When classes are designed this way, it creates a situation where the ordering of calls and handling of data becomes very important. Without extreme care brittle code is the result. A great example of this is the .NET List class. Any call that uses this class can potentially cause its contents to change.

type ListData =
    struct
      val mutable Number: int
      val mutable Name: string
      new( number, name ) = { Number = number; Name = name }
      override this.ToString() =
          String.Format( "Number: {0}, Name: {1}", this.Number, this.Name )
    end

let clrList = new List<ListData>( [| new ListData(1, "Johnny");
                                     new ListData(5, "Lisa");
                                     new ListData(3, "Mark") |]);

> clrList.ToArray();;
val it : ListData [] =
  [|Number: 1, Name: Johnny; Number: 5, Name: Lisa; Number: 3, Name: Mark|]

let sortedClrList =
    let ListDataComparison (d1:ListData) (d2:ListData) =
        d1.Number - d2.Number in
        clrList.Sort( ListDataComparison )
    clrList

> sortedClrList.ToArray();;
val it : ListData [] =
  [|Number: 1, Name: Johnny; Number: 3, Name: Mark; Number: 5, Name: Lisa|]

> clrList.ToArray();;
val it : ListData [] =
  [|Number: 1, Name: Johnny; Number: 3, Name: Mark; Number: 5, Name: Lisa|]

let reversedClrList =
    clrList.Reverse()
    clrList

> reversedClrList.ToArray();;
val it : ListData [] =
  [|Number: 5, Name: Lisa; Number: 3, Name: Mark; Number: 1, Name: Johnny|]

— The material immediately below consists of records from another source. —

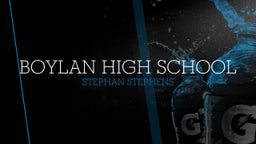 Stephan Stephens's highlights Boylan High School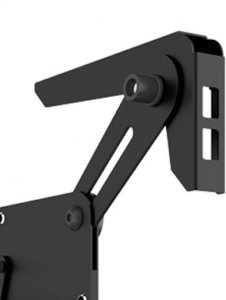 Hagor Hagor 8799 uchwyt / stojak do monitorów 32,8 cm (12.9") Czarny 4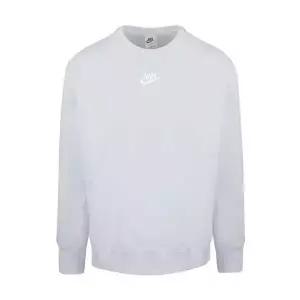 나이키 NSW 클럽 플리스 맨투맨 라이트그레이 여자 기모 긴팔 티셔츠 DD7473-077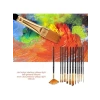 12li Fırça Seti ve 5li Metal Spatula Seti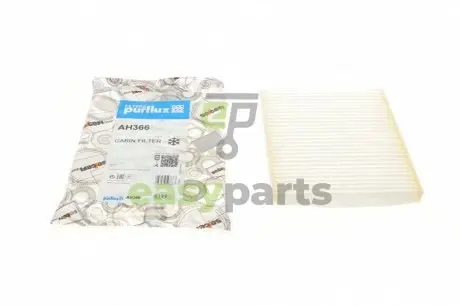 Фільтр салону Mazda CX-9 3.5/3.7 07- Purflux AH366
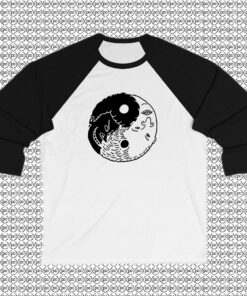 Beavis and butthead yin yang Raglan Tee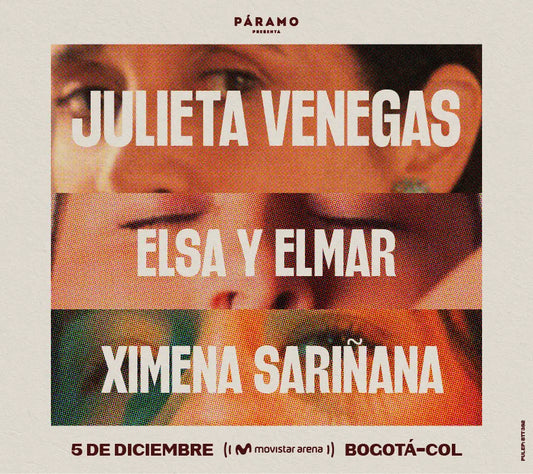 JULIETA VENEGAS - PISO 2 - DICIEMBRE 05 - BOGOTA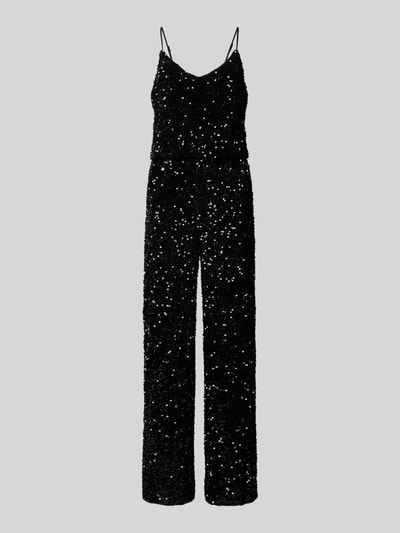 Peek & Cloppenburg VilaJumpsuit Mit Paillettenbesatz Modell 'FAITH' In Black
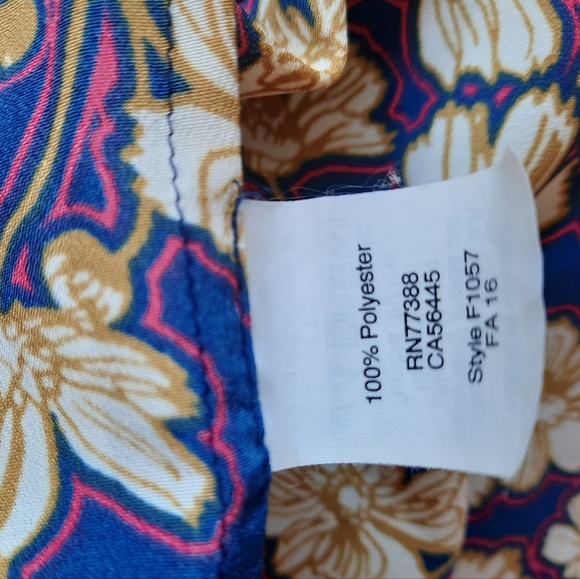 J. Crew Floral Blouse - Picture 3 of 7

> sortedClrList.ToArray();;
val it : ListData [] =
  [|Number: 5, Name: Lisa; Number: 3, Name: Mark; Number: 1, Name: Johnny|]

> clrList.ToArray();;
val it : ListData [] =
  [|Number: 5, Name: Lisa; Number: 3, Name: Mark; Number: 1, Name: Johnny|]

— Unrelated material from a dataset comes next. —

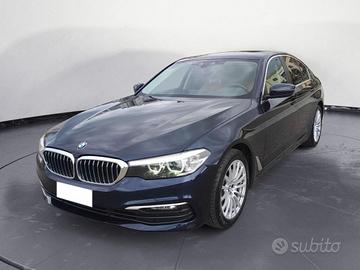 BMW Serie 5 525d Luxury auto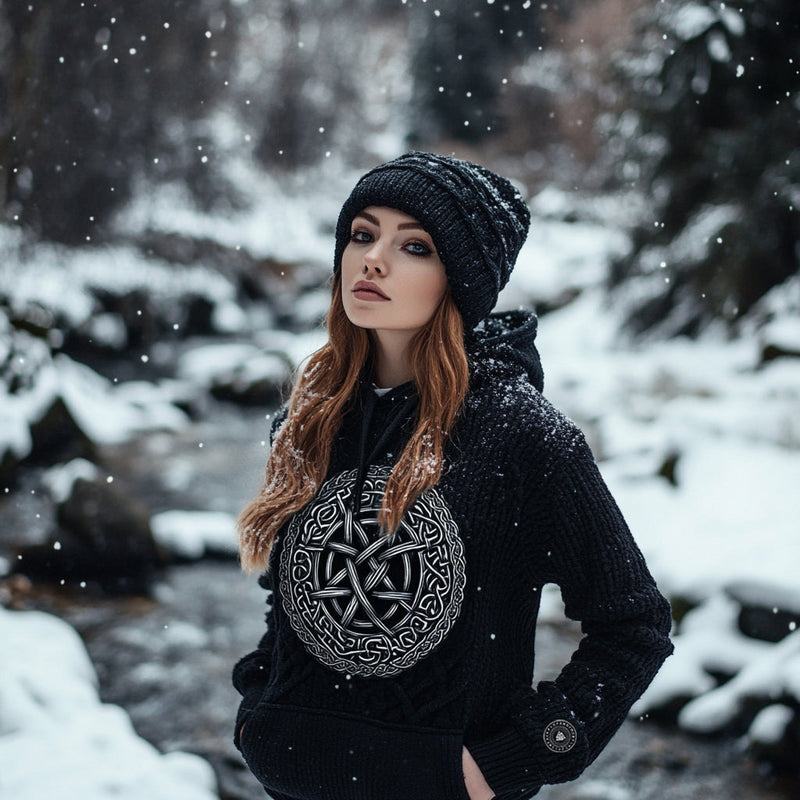 Klassisesti suunniteltu Villapaita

One commonly used method of avoiding data mutation is to explicitly clone the class each time it is passed. This adds extra code to your program and makes it slower, but at least it allows some semblance of safety.

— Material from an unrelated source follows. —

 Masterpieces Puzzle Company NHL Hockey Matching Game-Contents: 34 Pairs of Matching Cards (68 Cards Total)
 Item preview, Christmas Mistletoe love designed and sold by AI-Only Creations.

let clrList = new List<ListData>( [| new ListData(1, "Johnny");
                                     new ListData(5, "Lisa");
                                     new ListData(3, "Mark") |]);
let sortedClrList =
    let newList = new List<ListData>(clrList)
    let ListDataComparison (d1:ListData) (d2:ListData) =
        d1.Number - d2.Number in
        newList.Sort( ListDataComparison )
    newList

> sortedClrList.ToArray();;
val it : ListData [] =
  [|Number: 1, Name: Johnny; Number: 3, Name: Mark; Number: 5, Name: Lisa|]

> clrList.ToArray();;
val it : ListData [] =
  [|Number: 1, Name: Johnny; Number: 5, Name: Lisa; Number: 3, Name: Mark|]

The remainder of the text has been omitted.